In The Fickle "Science" of Lockdowns, Phillip W. Magness and Peter C. Earle review the evidence regarding the effectiveness of lockdowns:
"Follow the science" has been the battle cry of lockdown supporters since the Covid-19 pandemic began. Yet before March 2020, the mainstream scientific community, including the World Health Organization, strongly opposed lockdowns and similar measures against infectious disease.
That judgment came from historical analysis of pandemics and an awareness that society wide restrictions have severe socioeconomic costs and almost entirely speculative benefits.
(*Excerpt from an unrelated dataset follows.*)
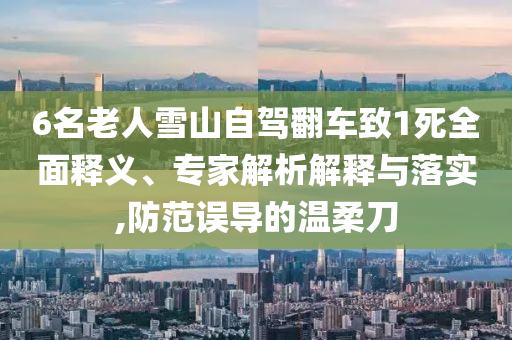 6名老人雪山自駕翻車(chē)致1死全面釋義、專(zhuān)家解析解釋與落實(shí),防范誤導(dǎo)的溫柔刀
Our pandemic response, premised on lockdowns and closely related "non-pharmaceutical interventions," or NPIs, represented an unprecedented shift in scientific opinion from where it stood a few months before the discovery of Covid-19.
Magness and Earle describe in detail various studies and reports demonstrating that lockdowns are not only ineffective at containing disease but also have harmful effects on society. They note that the empirical evidence regarding lockdowns has not changed since March 2020, and that the reason that public health officials support lockdowns can perhaps best be explained by this analysis from a September 2019 report by Johns Hopkins University's Center for Health Security: "Some NPIs, such as travel restrictions and quarantine, might be pursued for social or political purposes by political leaders, rather than pursued because of public health evidence."